Dies brachte den Katalanen zweierlei Vorteile: Einerseits konnte so Nelson Semedo auf dem rechten Flügel höher und risikoreicher agieren – anderseits lockte dies auch die zentralen Mittelfeldspieler der Neapolitaner nach vorne.
Dadurch entstanden insbesondere auf der rechten Seite zwischen der Viererkette und dem zentralen Mittelfeld der Gäste relativ große Räume, welche dann vom FC Barcelona insbesondere in Person von Lionel Messi immer wieder bespielt wurden.
A quick analysis of Barça’s shape in the second phase and how Napoli’s narrow 4141/451 shape was taken advantage of.
Key movements from RCM, LCM, DM and RF pic.twitter.com/zvVrnQwLgX
— sm (@TacticoModerno) August 9, 2020
Auch die anderen beiden Mittelfeldakteure der Blaugrana, Ivan Rakitic und Frenkie de Jong, tauschten oftmals die Positionierung bzw. variierten zwischen einer hohen und einer tiefen Positionierung. Die flexible Positionierung gepaart mit der Laufstärke des Mittelfeldes führte dazu, dass dieses nahezu omnipräsent wirkte. Man kann also insgesamt von einer sehr gelungenen Vorstellung der Schaltzentrale sprechen.
Im Angriff besetzte Suárez zwar meist das Sturmzentrum, um ihn herum fanden jedoch zahlreiche Positionsrochaden statt. So agiert Messi oftmals im rechten Zehnerraum, kurz darauf in vorderster Front und etwas später wiederum auf dem rechten Flügel – kurzum: La Pulga suchte sich clever die Räume aus, die der SSC Neapel frei ließ und forderte genau darin den Ball. Das beste Beispiel war sein Tor zum 2:0. Messi wich dabei auf den rechten Flügel aus und hatte dort genug Raum und Zeit, um zum Dribbling anzusetzen.

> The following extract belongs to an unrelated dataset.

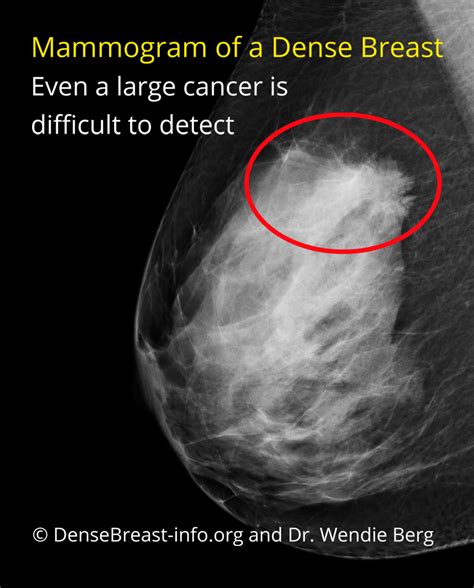 Mammogram vs. Thermogram vs. Other – Thermography Advantage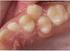 Ετεροτοπία δοντιών στην άνω γνάθο μεταξύ κυνόδοντα και πλάγιου τομέα. Αναφορά τριών κλινικών περιπτώσεων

Hinsichtlich der Fluidität erwähnt werden muss auch Griezmann: Wie immer ackerte der Franzose vorbildlich nach hinten und war gegen den Ball auch häufig im Mittelfeld wieder zu finden. Mit dem Ball legte der Weltmeister ein gutes Positionsspiel an den Tag. Abhängig von der Spielsituation und den Bewegungen Messis war der Franzose entweder auf der Zehnerposition oder im linken Halbraum zu finden. Zwar wurde er selber nicht gefährlich, dennoch öffnete er durch seine Laufwege viele gefährliche Räume.

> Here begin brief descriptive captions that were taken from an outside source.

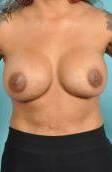 Breast Implant Correction Before & After Image Patient 27005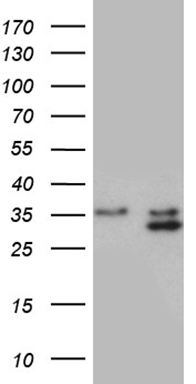 LSM11 Antibody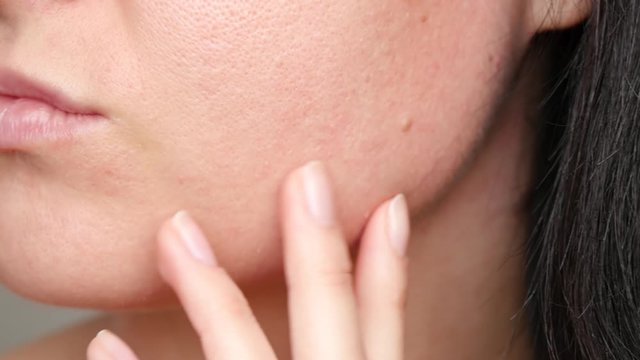 Skin texture with enlarged pores. Close-up of a woman's face.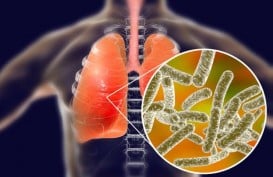Gejala Pneumonia Misterius, Penyakit yang Disebabkan Bakteri Legionnaires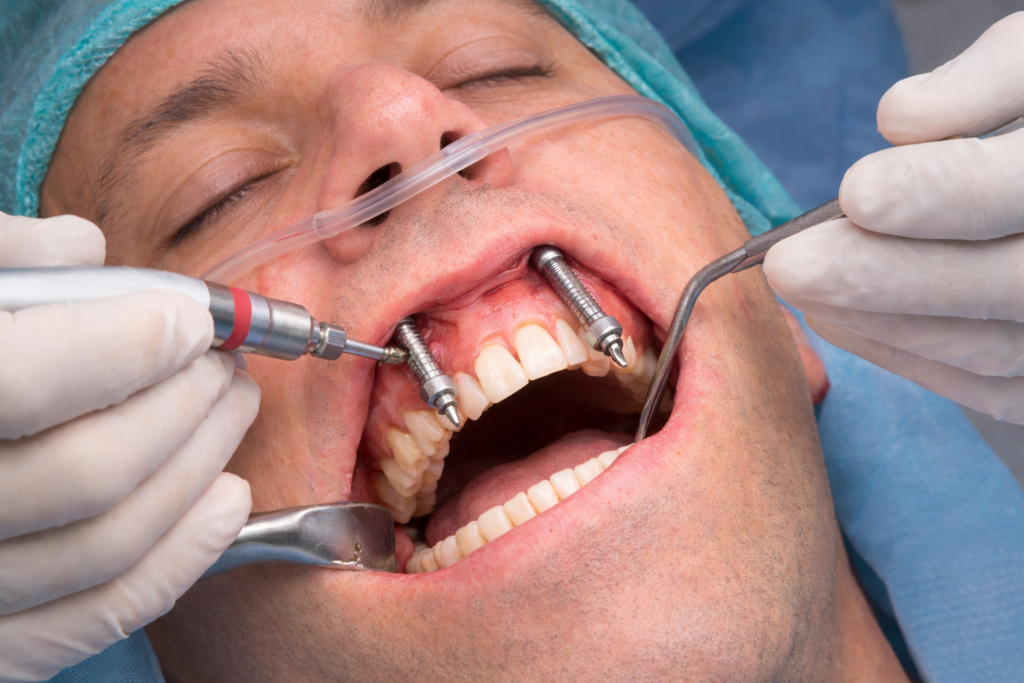 ד"ר לדרמן מבצע השתלת שתלים זיגומטיים בלסת העליונה באמצעות מכשור כירורגי מתקדם, תוך עבודה מדויקת ועדינה בסביבת הפה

Die katalanische Pressingresistenz
Maßgeblich verantwortlich für den letztlich souveränen Sieg war neben dem fluiden Positionsspiel auch die Pressinzresistenz Barças. Angefangen hat diese wie so oft mit Marc-André ter Stegen im katalanischen Gehäuse. Der deutsche Keeper wurde immer wieder ins Aufbauspiel mit einbezogen und behielt in jeder Situation die Ruhe. Noch mehr als in anderen Spielen agierte ter Stegen heimlich als Spielmacher und initiierte zahlreiche Angriffe durch seine clevere Spieleröffnung. Auch wenn er keine wirkliche Parade zeigte, war er einer der besten Spieler auf dem Platz. Und für einen Torhüter ist das eine große Leistung.

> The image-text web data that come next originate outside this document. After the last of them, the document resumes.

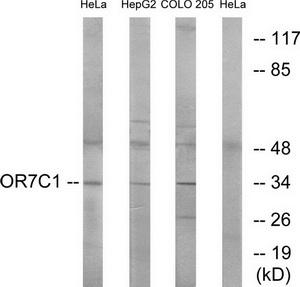 Western blot analysis of extracts from HeLa cells, HepG2 cells and COLO cells, using OR7C1 antibody.The lane on the right is treated with the synthesized peptide.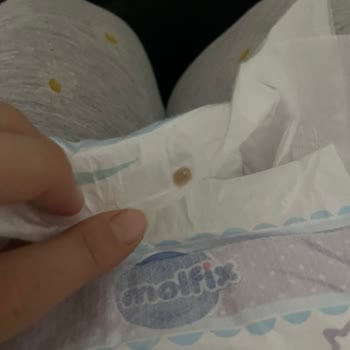 Molfix Bebek Bezinde Yabancı Maddeyle Hayal Kırıklığı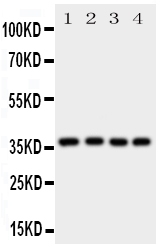 1 - Anti-Bmi1 Antibody ABO11115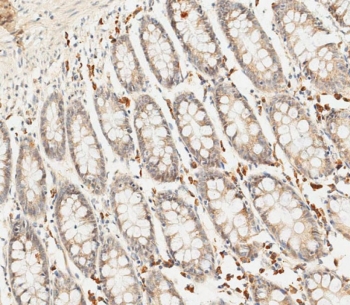 IHC testing of FFPE human colon tissue with SFRP5 antibody. HIER: steam section in pH9 EDTA for 20 min and allow to cool prior to staining.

Aber auch ter Stegens Kollegen zeigten sich sehr sicher mit dem Ball am Fuß – ingesamt bestritt Barça viele Dribblings, einige davon auch weit in der eigenen Hälfte. Diese hatten jedoch eine enorm hohe Erfolgsquote weshalb es der Blaugrana dadurch gelang, sich immer wieder aus den Pressingwellen der Neapolitaner zu befreien.
Besonders hervorzuheben sind seitens des FC Barcelona dabei Semedo und de Jong: Während der Portugiese insbesondere in Halbzeit eins immer wieder zu extrem raumgreifenden Dribblings ansetze, zeigte sich der Niederländer mit der Kugel am Fuß extrem lässig, ohne dabei jedoch nachlässig zu werden.
De Jong ließ seine Gegenspieler ein ums andere mal ins Leere laufen und verschaffte Barça somit einige Ruhepausen, ermöglichte aber dadurch auch, dass die Mannschaft das Spielfeld kontrolliert nach vorne verlagern konnte.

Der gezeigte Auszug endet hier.